CebaBaby dropshipping via API with DroFX.pptxCebaBaby dropshipping via API with DroFX.pptx
CebaBaby dropshipping via API with DroFX.pptx
 
Call Girls Hsr Layout Just Call 👗 7737669865 👗 Top Class Call Girl Service Ba...
Call Girls Hsr Layout Just Call 👗 7737669865 👗 Top Class Call Girl Service Ba...Call Girls Hsr Layout Just Call 👗 7737669865 👗 Top Class Call Girl Service Ba...
Call Girls Hsr Layout Just Call 👗 7737669865 👗 Top Class Call Girl Service Ba...
 
April 2024 - Crypto Market Report's Analysis
April 2024 - Crypto Market Report's AnalysisApril 2024 - Crypto Market Report's Analysis
April 2024 - Crypto Market Report's Analysis
 
Call Girls In Shalimar Bagh ( Delhi) 9953330565 Escorts Service
Call Girls In Shalimar Bagh ( Delhi) 9953330565 Escorts ServiceCall Girls In Shalimar Bagh ( Delhi) 9953330565 Escorts Service
Call Girls In Shalimar Bagh ( Delhi) 9953330565 Escorts Service
 
ELKO dropshipping via API with DroFx.pptx
ELKO dropshipping via API with DroFx.pptxELKO dropshipping via API with DroFx.pptx
ELKO dropshipping via API with DroFx.pptx
 
Junnasandra Call Girls: 🍓 7737669865 🍓 High Profile Model Escorts | Bangalore...
Junnasandra Call Girls: 🍓 7737669865 🍓 High Profile Model Escorts | Bangalore...Junnasandra Call Girls: 🍓 7737669865 🍓 High Profile Model Escorts | Bangalore...

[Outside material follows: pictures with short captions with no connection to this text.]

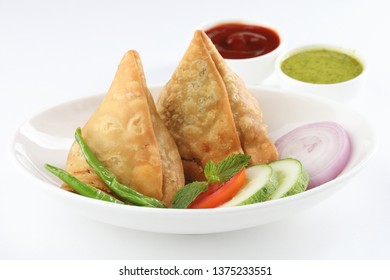 Veg Samosa Served Green Chilly Chutney Stock Photo 1375233551 ...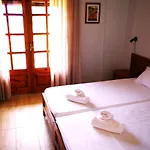 ゲストハウス Sotiras スカラ・ソティロス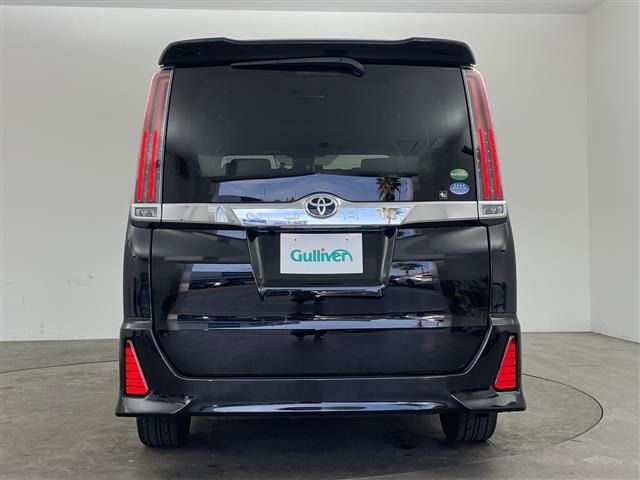 Toyota NOAH 2017 7015074-18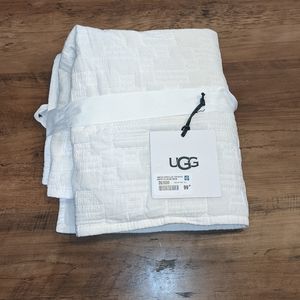 BNWT Ugg Sham King Size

Junnasandra Call Girls: 🍓 7737669865 🍓 High Profile Model Escorts | Bangalore...
 
(NEHA) Call Girls Katra Call Now 8617697112 Katra Escorts 24x7
(NEHA) Call Girls Katra Call Now 8617697112 Katra Escorts 24x7(NEHA) Call Girls Katra Call Now 8617697112 Katra Escorts 24x7
(NEHA) Call Girls Katra Call Now 8617697112 Katra Escorts 24x7
 

MapR 5.2: Getting More Value from the MapR Converged Community Edition

  • 1. © 2016 MapR Technologies© 2016 MapR Technologies MapR 5.2: Getting More Value from the MapR Converged Community Edition Sep 14, 2016
  • 2. © 2016 MapR Technologies Today’s Presenters Deborah Littlefield Technical Curriculum Developer Ankur Desai Sr. Manager, Platform and Products
  • 3. © 2016 MapR Technologies 3 Today’s Agenda • Recent updates to the MapR Converged Data Platform • Latest Ecosystem Support in MapR 5.2 • How to upgrade to the latest version of the Community Edition • Q&A
  • 4. © 2016 MapR Technologies 4 The MapR Converged Data Platform
  • 5. © 2016 MapR Technologies 5 4 Major Additions to the MapR Platform in the past 12 months • Taking cluster monitoring to the next level with the Spyglass Initiative • Real-time streaming with MapR Streams • MapR-DB JSON document database and application development with OJAI • Securing your data with access control expressions (ACEs)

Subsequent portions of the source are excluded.